JOURNAL ARTICLE
RANDOMIZED CONTROLLED TRIAL

Cost-effectiveness analysis of collaborative care management of major depression among low-income, predominantly Hispanics with diabetes

Joel W Hay, Wayne J Katon, Kathleen Ell, Pey-Jiuan Lee, Jeffrey J Guterman
Value in Health: the Journal of the International Society for Pharmacoeconomics and Outcomes Research 2012, 15 (2): 249-54
22433755

OBJECTIVE: To evaluate the cost-effectiveness of a socioculturally adapted collaborative depression care program among low-income Hispanics with diabetes.

RESEARCH DESIGN AND METHODS: A randomized controlled trial of 387 patients with diabetes (96.5% Hispanic) with clinically significant depression followed over 18 months evaluated the cost-effectiveness of the Multifaceted Diabetes and Depression Program aimed at increasing patient exposure to evidence-based depression psychotherapy and/or pharmacotherapy in two public safety net clinics. Patient medical care costs and utilization were captured from Los Angeles County Department of Health Services claims records. Patient-reported outcomes included Short-Form Health Survey-12 and Patient Health Questionnaire-9-calculated depression-free days.

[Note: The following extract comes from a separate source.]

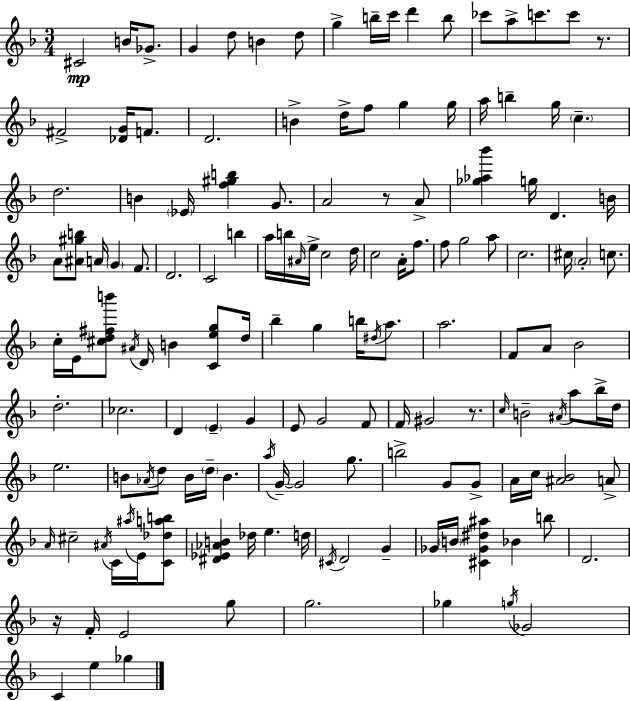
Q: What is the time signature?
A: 3/4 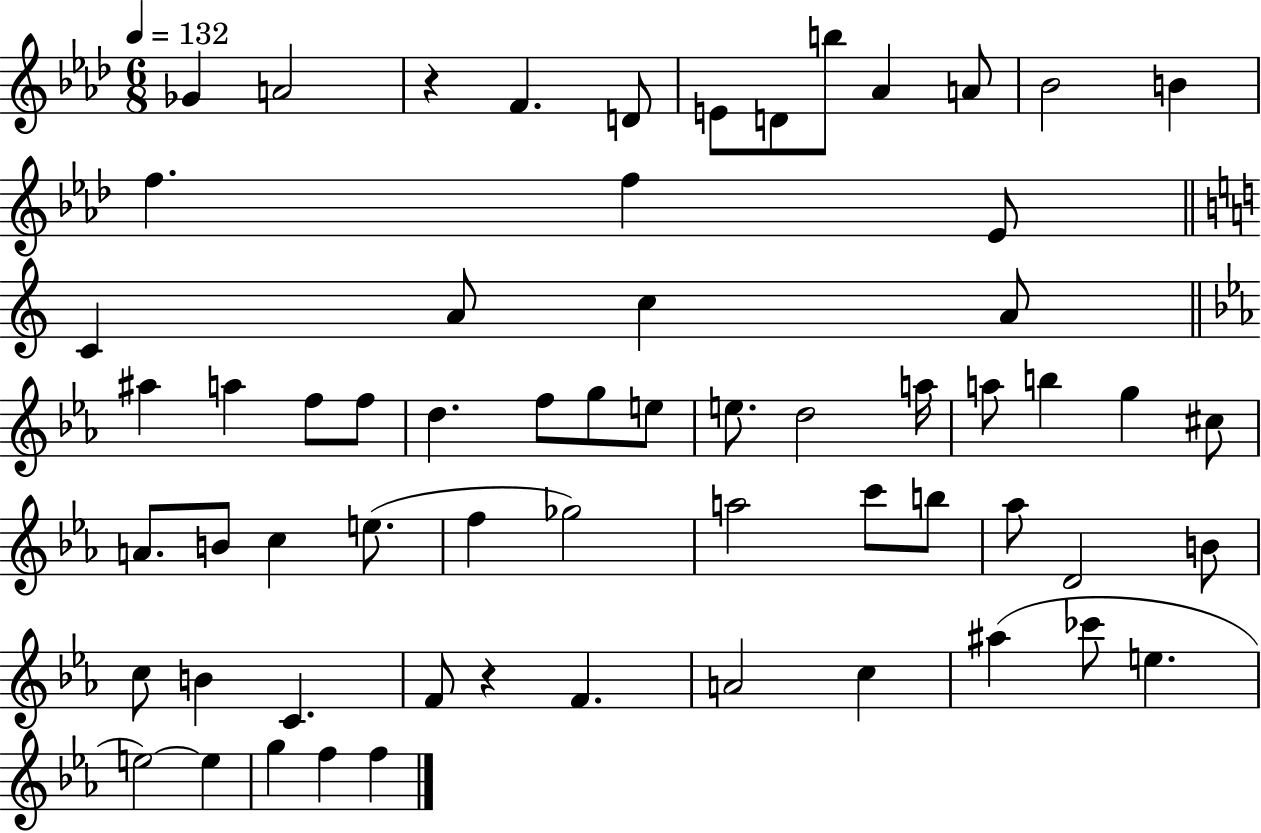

RESULTS: Intervention patients had significantly greater Short-Form Health Survey-12 utility improvement from baseline compared with controls over the 18-month evaluation period (4.8%; P < 0.001) and a corresponding significant improvement in depression-free days (43.0; P < 0.001). Medical cost differences were not statistically significant in ordinary least squares and log-transformed cost regressions. The average costs of the Multifaceted Diabetes and Depression Program study intervention were $515 per patient. The program's cost-effectiveness averaged $4053 per quality-adjusted life-year per MDDP recipient and was more than 90% likely to fall below $12,000 per quality-adjusted life-year.

CONCLUSIONS: Socioculturally adapted collaborative depression care improved utility and quality of life in predominantly low-income Hispanic patients with diabetes and was highly cost-effective.